Tagging lexical words in the text and/or linking to lemmata for purposes of indexing or search.

TEI definition: w ; EpiDoc-specific customization: w

Explicit markup of words (tokenization) and identification of their dictionary headwords (lemmatization) are both optional. Many projects simply leave these features unmarked, or rely on automated processes in search software to detect word-breaks and link to lemmatizing tools such as Morpheus. (The Papyrological Navigator, Perseus, and the TLG all use methods similar to this.)

To explicitly mark-up lexical words in a papyrological or epigraphic text, however, each word in the text should be enclosed in a w element. (For ease of processing, it is advised that inter-word spacing, punctuation and other features be left outside of this element, and if possible there should be no spaces or carriage returns within the w element.)

<w>maximo</w>
<w>tribunicia</w>
<w>potestate</w>
<num>XXIIII</num>
<w>imperatori</w>

(IRT: 22)

To record the lemma or dictionary headword of the word in question, the simplest solution is to enter the uninflected form in a lemma attribute, which may be used, for example, to generate the entries in a lexical index to the corpus.

<w lemma="ἵστημι">ἕστηκα</w>

A slightly more sophisticated solution is to enter in a lemmaRef attribute a URL or other URI that points to the entry for the word in question in a database or online dictionary.

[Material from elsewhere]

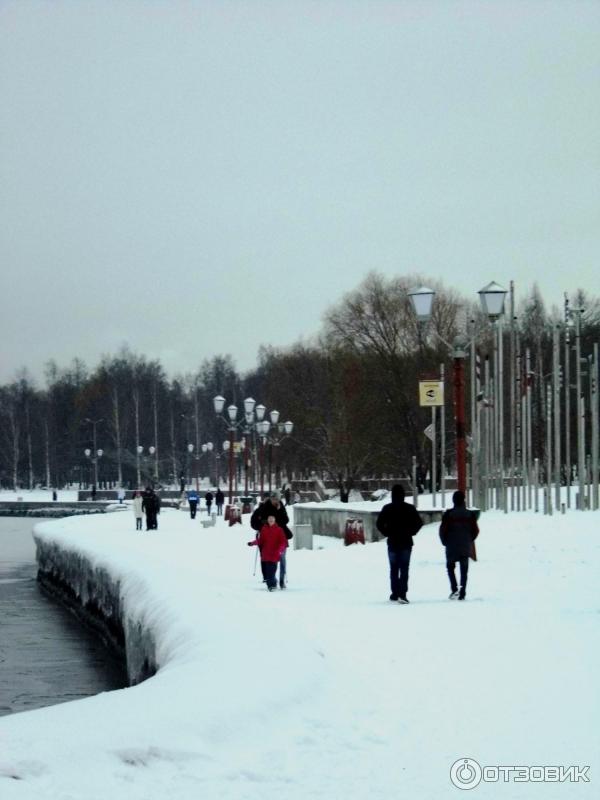 Набережная Онежского озера (Россия, Петрозаводск) фото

This solution allows for better disambiguation of homonymous words, for example, or linking to morphological and statistical information about the word.

<w lemmaRef="http://www.perseus.tufts.edu/hopper/morph?l=fero&la=la">tulisti</w>

Multiple lemmata

If a single word tag contains more than one indexable word (e.g. "populusque" in Latin, "κἀκ" in Greek or "gudrotæn" and "hlkuþrs" in Old Danish), or an incomplete word is ambiguous and might correspond to either of two or more lemmata (e.g. ΕΚΦΕΥΞ), then all lemmata that should be indexed may be included in the lemma attribute, separated by spaces:

<w lemma="suus que">suisque</w>

<w lemma="ἔκφευξις ἐκφεύγω" part="I">ΕΚΦΕΥΞ</w>
<gap reason="lost" extent="unknown"
unit="character"/>

<w lemma="Guð dróttin">gud drotæn</w>

<w lemma="helgu Guðs">hlku kuþrs</w>

Interaction with editorial markup

The w element may contain further editorial tags, such as expansions of abbreviations. Wherever possible the w element should remain intact (cf. Editorial restoration: Segmented or adjacent lacunae).